» Task requirements: Repeat only the lines below that run from the line with "Human Gear GoPouch Small Opbergzak blue" to the line with "Guide Scope 50mm", ends included; skip every picture.

====== The records

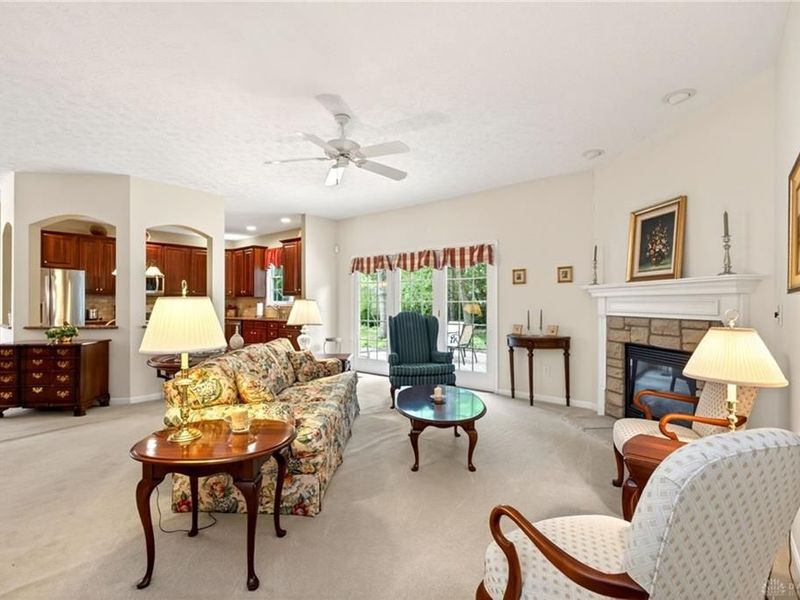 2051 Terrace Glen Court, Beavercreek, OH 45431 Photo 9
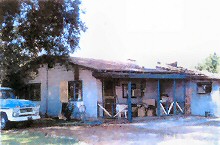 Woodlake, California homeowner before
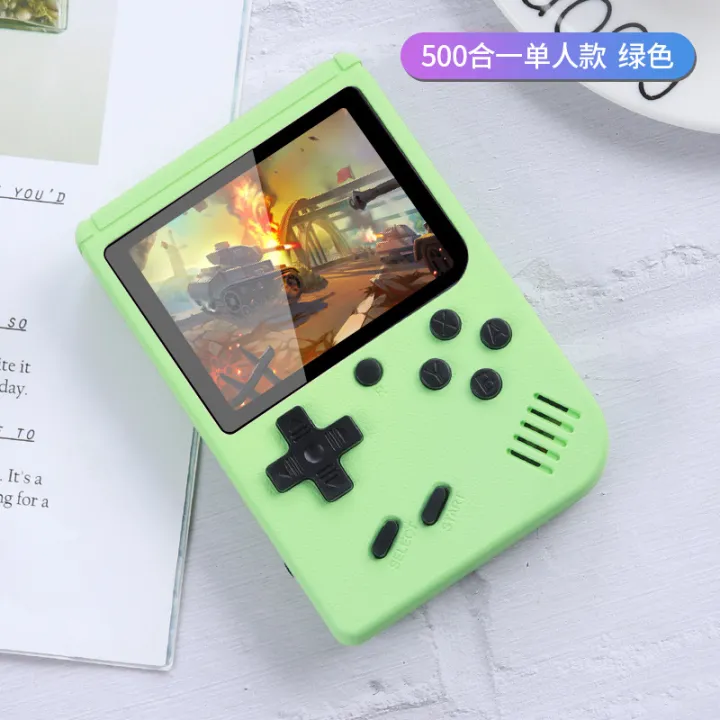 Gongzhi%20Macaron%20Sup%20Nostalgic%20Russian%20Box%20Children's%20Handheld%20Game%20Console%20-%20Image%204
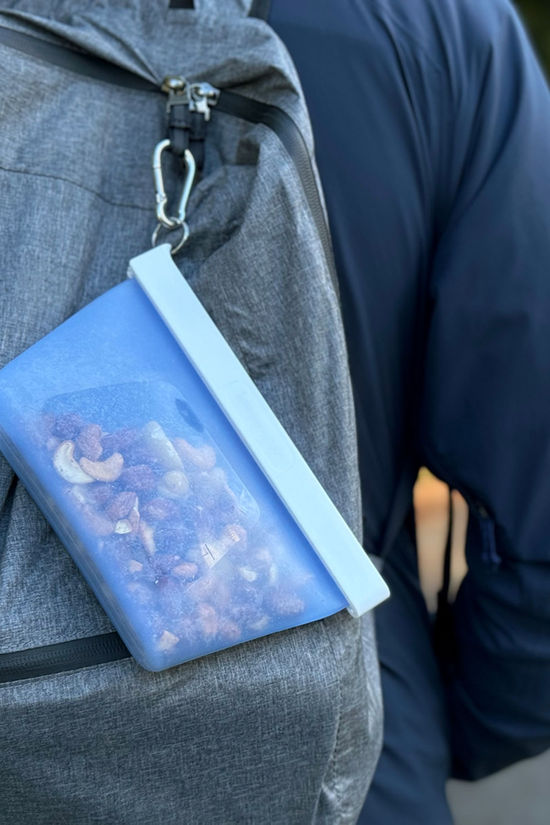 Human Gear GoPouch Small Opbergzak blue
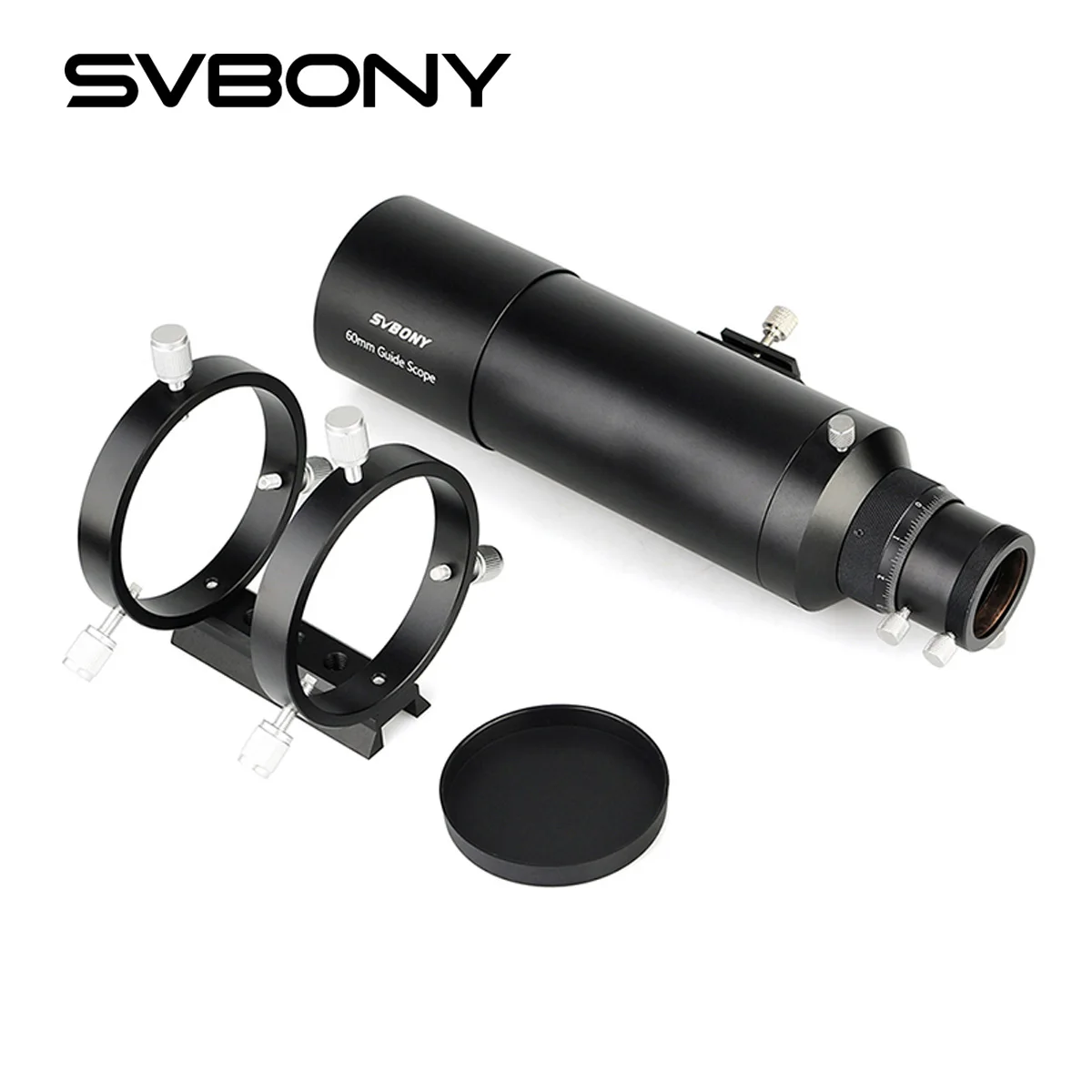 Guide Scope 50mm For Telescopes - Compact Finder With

============
====== The records

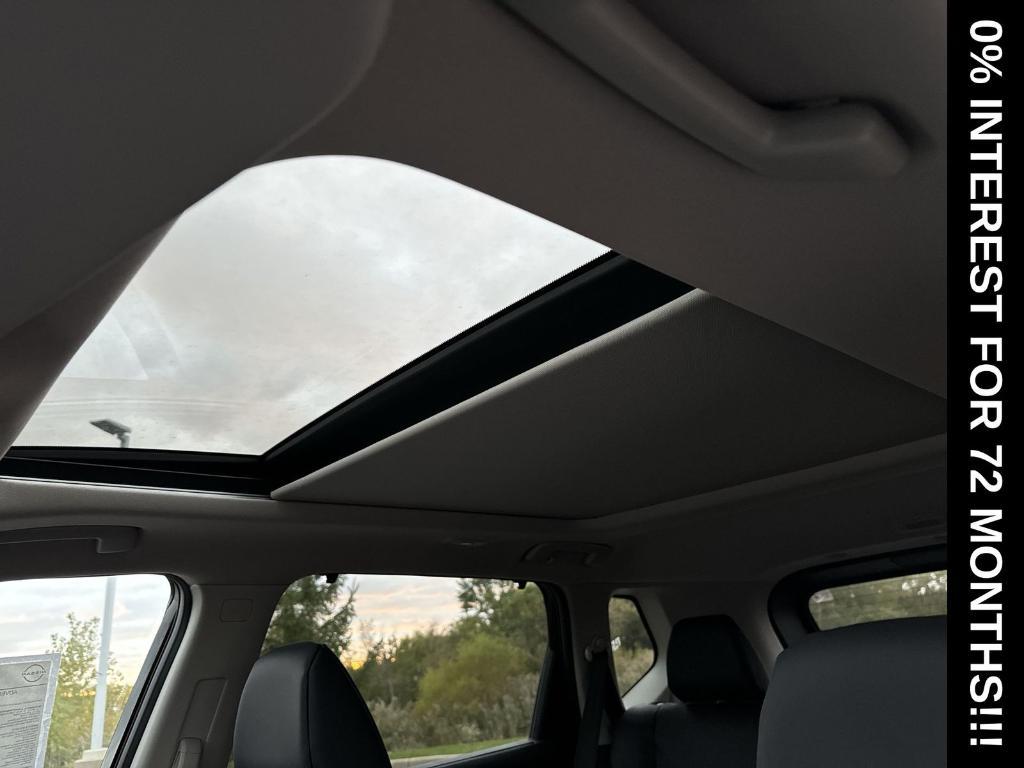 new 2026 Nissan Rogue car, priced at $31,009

============
====== The records

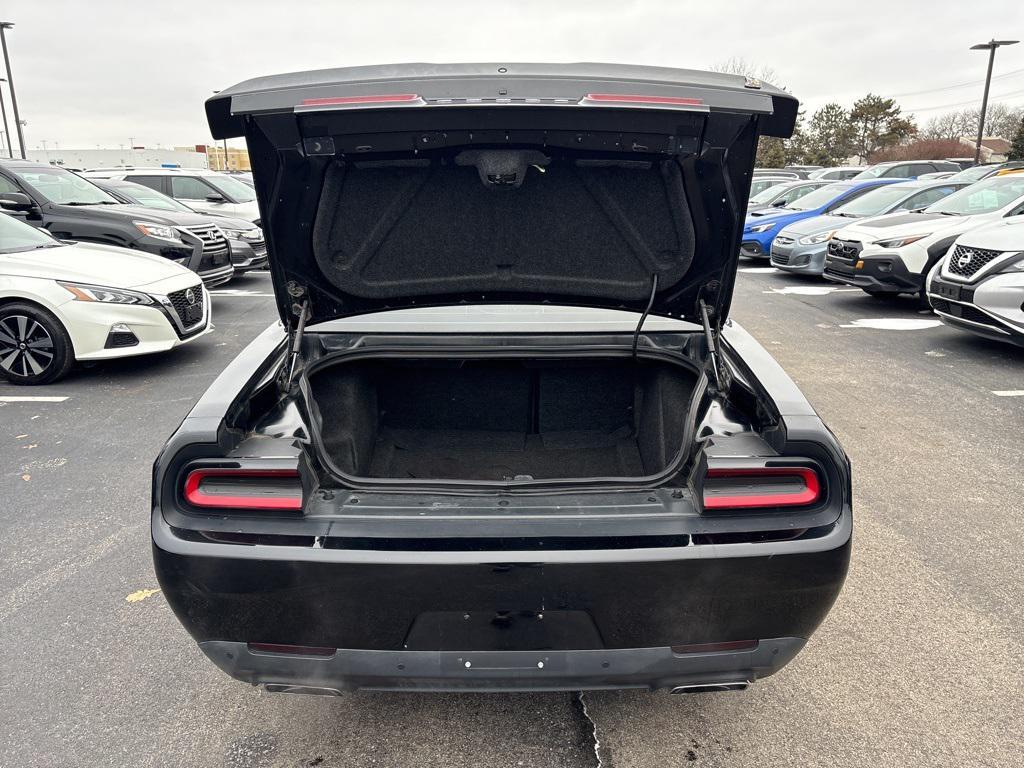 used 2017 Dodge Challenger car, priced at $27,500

============

» Result:
 Human Gear GoPouch Small Opbergzak blue
 Guide Scope 50mm For Telescopes - Compact Finder With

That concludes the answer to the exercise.